Kurtulmuş, Anayasa Mahkemesi’nin bu kararıyla, 72 milyonun üzerinde bir karar mekanizması haline geldiğini belirterek, “Bizim bürokratik oligarşi dediğimizin çok somut en ileri örneklerinden biri bu olmuştur.”dedi.
 
AKP ÇÜRÜK BİNAYA BOYA PEŞİNDE
Gündemdeki Hükümetin anayasa paketine de değinen Saadet Partisi Genel Başkanı Prof. Dr. Numan Kurtulmuş, AKP’nin değişiklik paketini “çürük binaya boya yapmaya” benzetti. Numan Kurtulmuş, şunları söyledi; “Bina depremden yıkılmak üzere.. Mutlaka bu yapıyı tahkim etmemiz, çeliklerle güçlendirmemiz lazım iken, Türkiye’nin esas meselesi bu iken, siz pencereyi beyaza boyasanız ne olur, pembeye boyasanız ne olur. AK Parti görüldüğü kadarıyla, bu anayasa taslağıyla pencereyi boyamaya çalışıyor, rötuş yapmaya çalışıyor. Ya da daha çık tabiriyle, bir ölü yüzü pudralamaya kalkıyor. Mesele bu değildir”
 
Türkiye’nin geldiği noktada, yol ayrımında bulunduğunu ifade eden Kurtulmuş, “Türkiye, ya hukuki ve siyasi reform içine girecektir, ya da rötuşlarla kaosu sadece ertelemiş olacaktır.
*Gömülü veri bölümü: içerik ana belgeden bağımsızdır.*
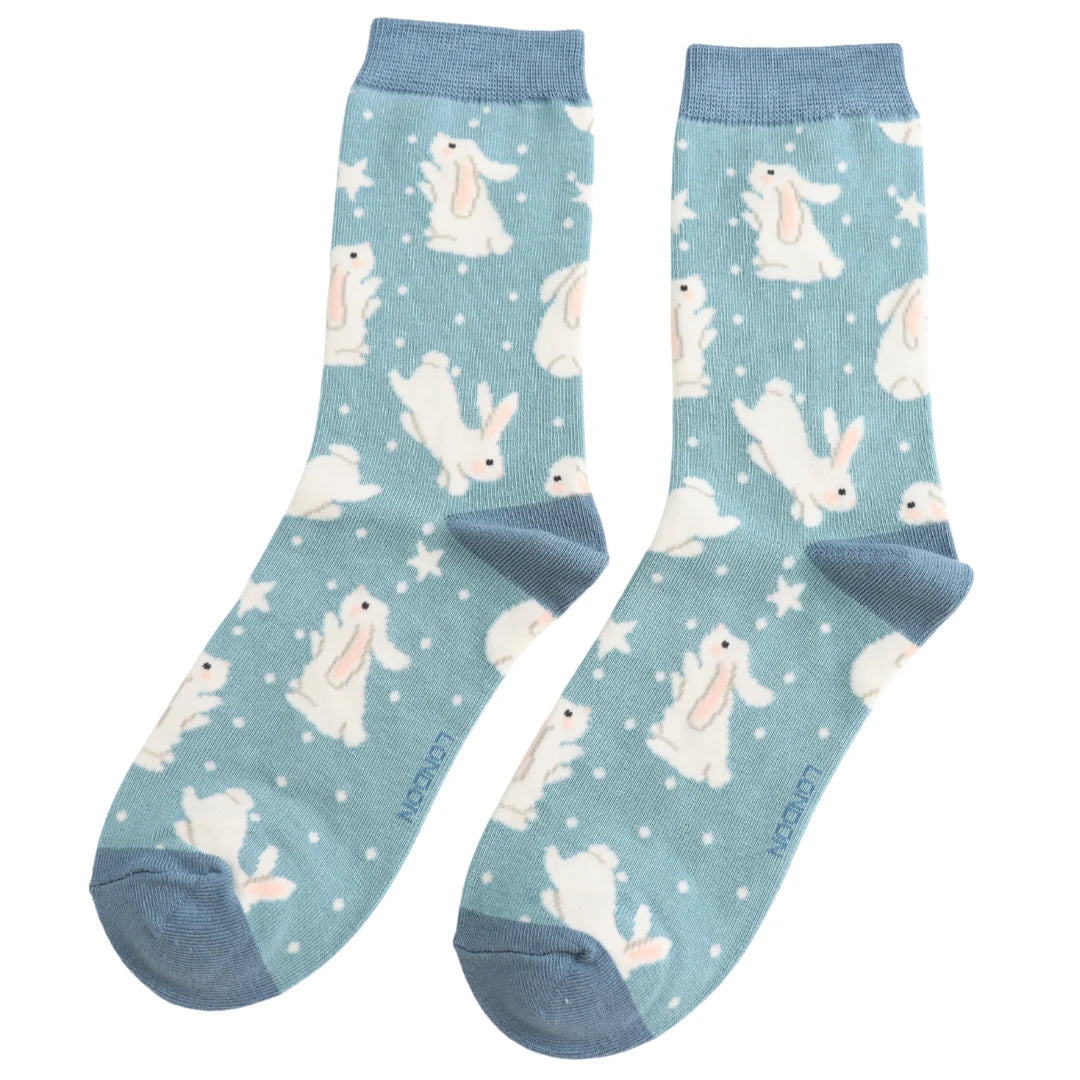 Bamboo Bouncy Bunny Ankle Socks| Size 3-7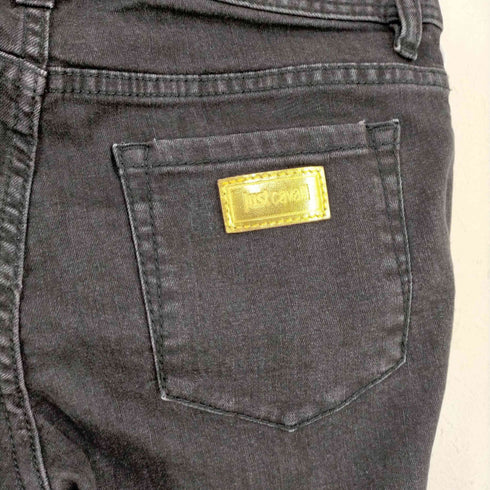 ジャストガヴァリ justcavalli デザイン加工 スキニーデニムパンツ レディース US:26-27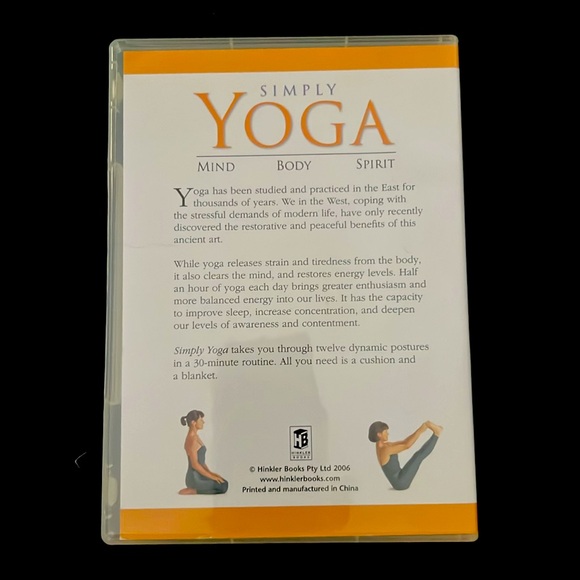 CLEARANCE SALE 🎉🎉 5/$15 Simply Yoga by Yolanda Pettinato-DVD - Picture 2 of 4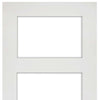 Four Folding Doors & Frame Kit - Coventry Shaker 2+2 - Clear Glass - White Primed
Çözüm reformdan yana bir tavır ortaya koymaktır.” diye konuştu.
 
AKP’nin bir şeyler yapmaya çalıştığını, ancak zaman zaman “yapıyormuş” gibi davrandığını dile getiren Kurtulmuş, “AKP,  Anayasa değişikliğini istiyormuş gibi yapıp, milletin istediği reformları yapmak yerine, bir takım rötuşlar yapıyorsa, bunun adı aslında “yapıyormuş” gibi yapmaktır. Anayasa yapmak istemiyorsanız da açıkça çıkın söyleyin.” Dedi.
 
AKP’nin şu anda tarihi bir noktada durduğunu anlatan Saadet Lideri,  “Milletin kendisinden hem 3 Kasım’da, hem de 22 Temmuz seçimlerinde istediği, siyasi ve hukuki reformları başlatmasıdır. Sadece anayasa değil, siyasi partiler yasası, seçim yasası, seçim sistemi… Bütün bunların iyileştirilmesidir.” İfadelerini kullandı.
 
ÇÖZÜM; RÖTUŞ DEĞİL
Numan Kurtulmuş, Tanzimat’tan beri millete “bu ülkenin kiracısısınız” dendiğini, kira kontratının ise, birilerinin bir yerlerde, ya askerin namlusu ucunda, ya da AB’nin emretmesiyle hazırlanmış yasalar olduğunu hatırlatarak, “Biz de diyoruz ki, bu ülkenin kiracısı değil, ev sahibiyiz. Ev sahibiysek, sözleşmeyi yöneteceklere biz vereceğiz. Anayasa değişikliklerinin bam teli bu. Bu evin mülkiyeti bu milletin tamamına ait.” Dedi.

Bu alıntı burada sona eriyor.